How Real Estate Developers Can Track Payments Across Multiple Projects in Real Time

Connected Banking for Real Estate Developers

Three projects are running simultaneously. Buyer payments are landing across a dozen different bank accounts. A separate RERA escrow has to be maintained for each project. And somewhere in the middle of all this, a CFO is trying to answer one straightforward question:

How much actually came in today, and which project is it for?

For a growing real estate developer in India, this is not a crisis. It is a Tuesday morning.

The gap between what your bank portals show and what your business actually needs to know is not abstract. It shows up in delayed construction decisions, finance teams buried in reconciliation, and compliance risk that quietly compounds as your project pipeline grows. The infrastructure to close that gap exists, and this article explains exactly how it works.

Why Real Estate Treasury Management Is Uniquely Complex

Real estate development is structurally unlike most businesses when it comes to managing money. You are not collecting a subscription or settling a standard invoice.

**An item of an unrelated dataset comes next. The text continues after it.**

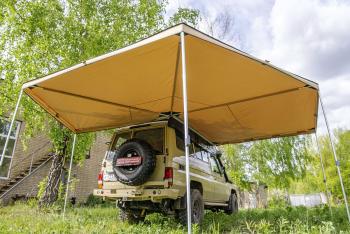33 649 р. Маркиза автомобильная РИФ комбинированная (прямоугольная с веерной частью) 2,5х2,5 м (правая) РИФ rifavf072525602  с доставкой в г. Чебоксары. Увеличить фотографию 4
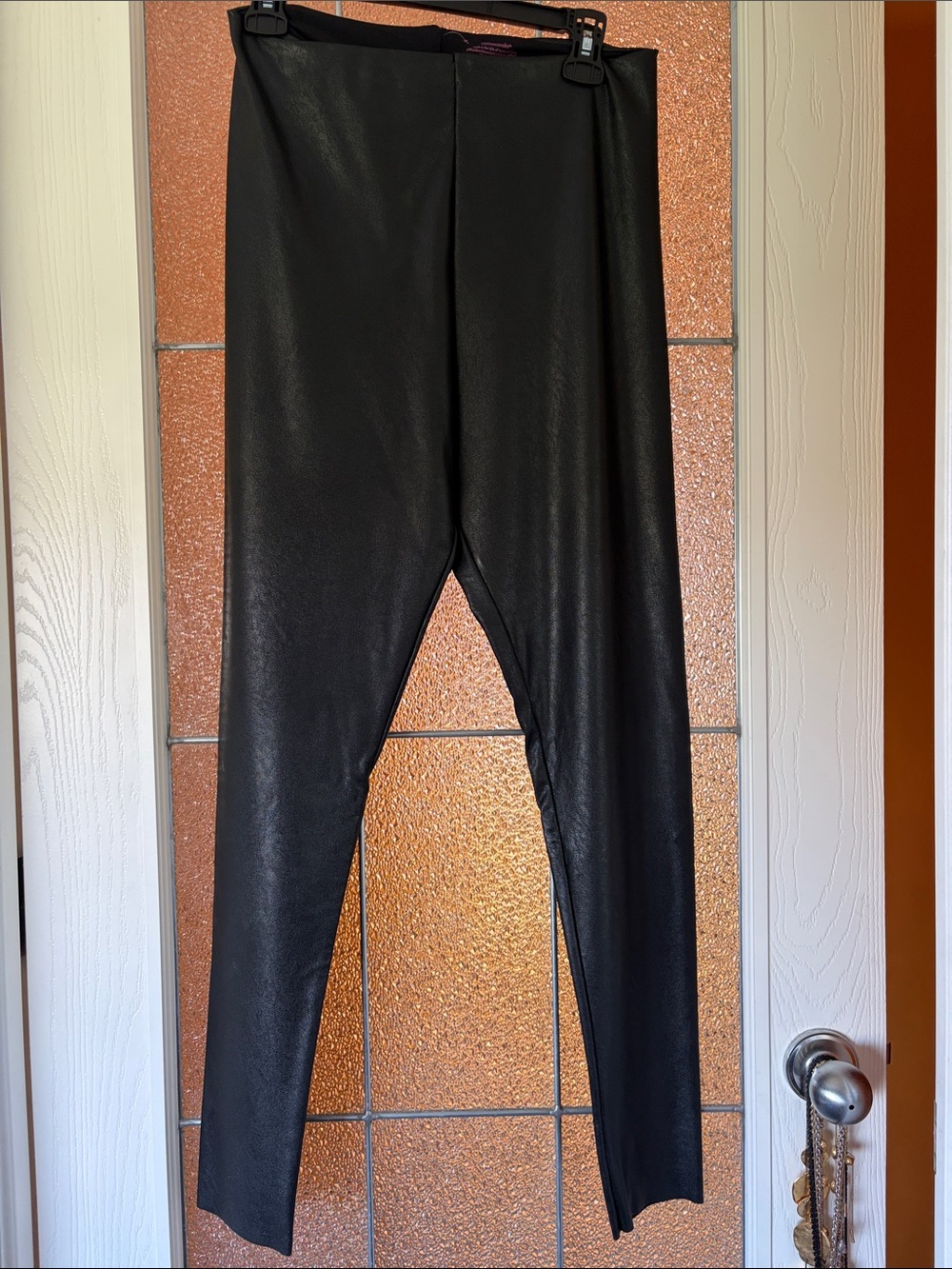 Commando Black Faux Leather Leggings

You are managing multiple payment types across multiple projects, each with its own compliance obligations, bank accounts, and reporting requirements.

On any given week, a mid-sized developer might be receiving:

  • Booking amounts and token advances from new buyers—via NEFT, UPI, or home loan disbursals
  • Construction-linked plan (CLP) instalments mapped to specific project milestones
  • Bank loan disbursals into project-specific current accounts
  • Vendor refunds and credit adjustments across different project entities

Layer RERA on top of this: at least 70% of every rupee collected from buyers must sit in a project-specific escrow account with a scheduled bank. Withdrawals are governed by certified milestone approvals from an engineer, an architect, and a chartered accountant. Every project is effectively its own financial system, and most developers are running several of them at once.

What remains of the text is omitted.